**Goal of the exercise**
Transcribe the listing in full, word for word; pictures do not belong in the copy.

**Data provided**
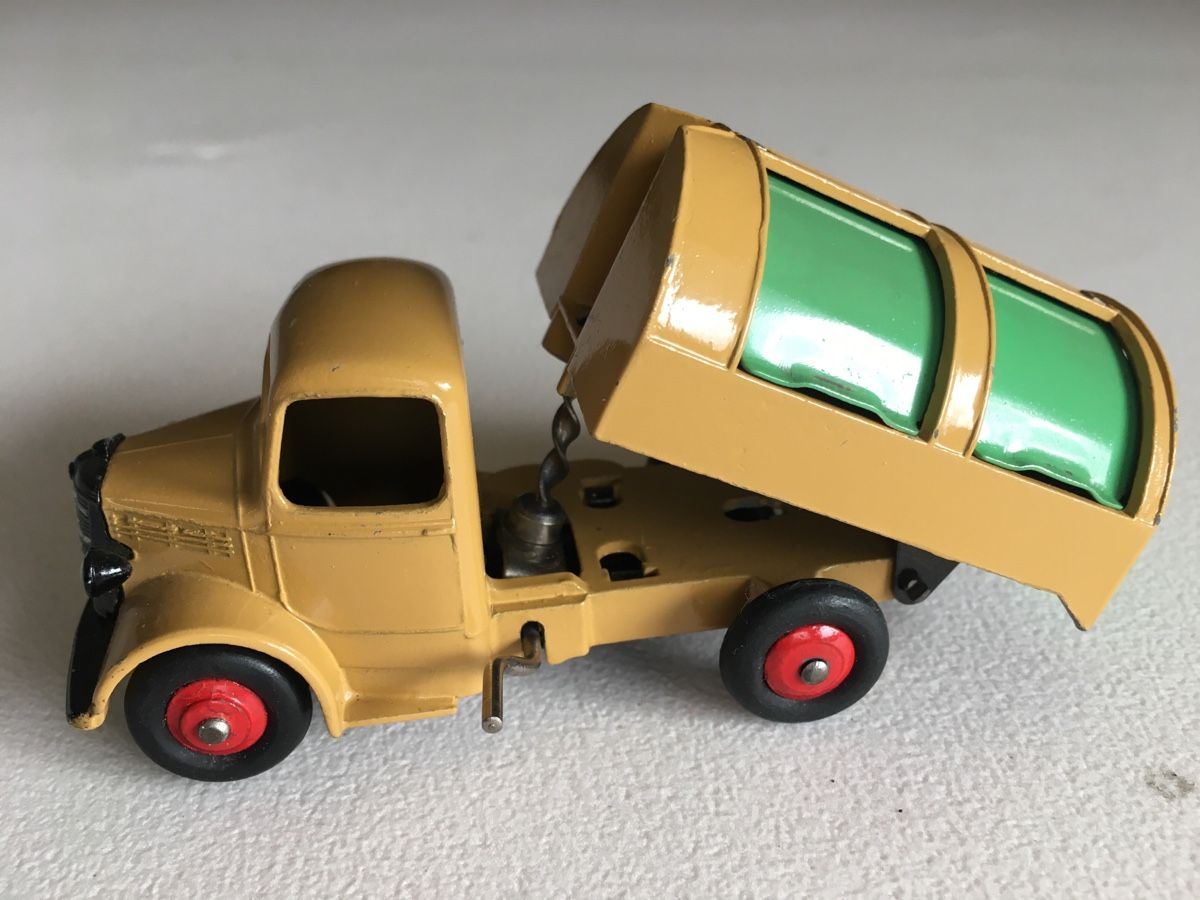 Dinky Toys Modellini d'auto: Dinky Commer Müllwagen – Usato da Grellingen venduto da Toyhamster 4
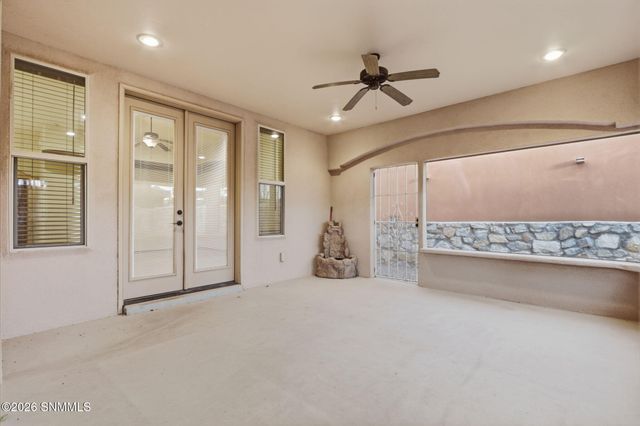 1927 San Fernando, Las Cruces, NM 88011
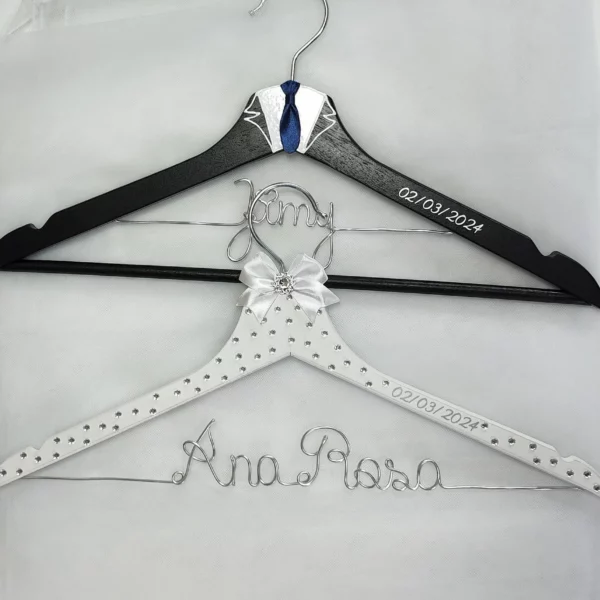 Conjunto perchas personalizadas novia cristales novio smoking azul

**Exercise solution**
 Dinky Toys Modellini d'auto: Dinky Commer Müllwagen – Usato da Grellingen venduto da Toyhamster 4
 1927 San Fernando, Las Cruces, NM 88011
 Conjunto perchas personalizadas novia cristales novio smoking azul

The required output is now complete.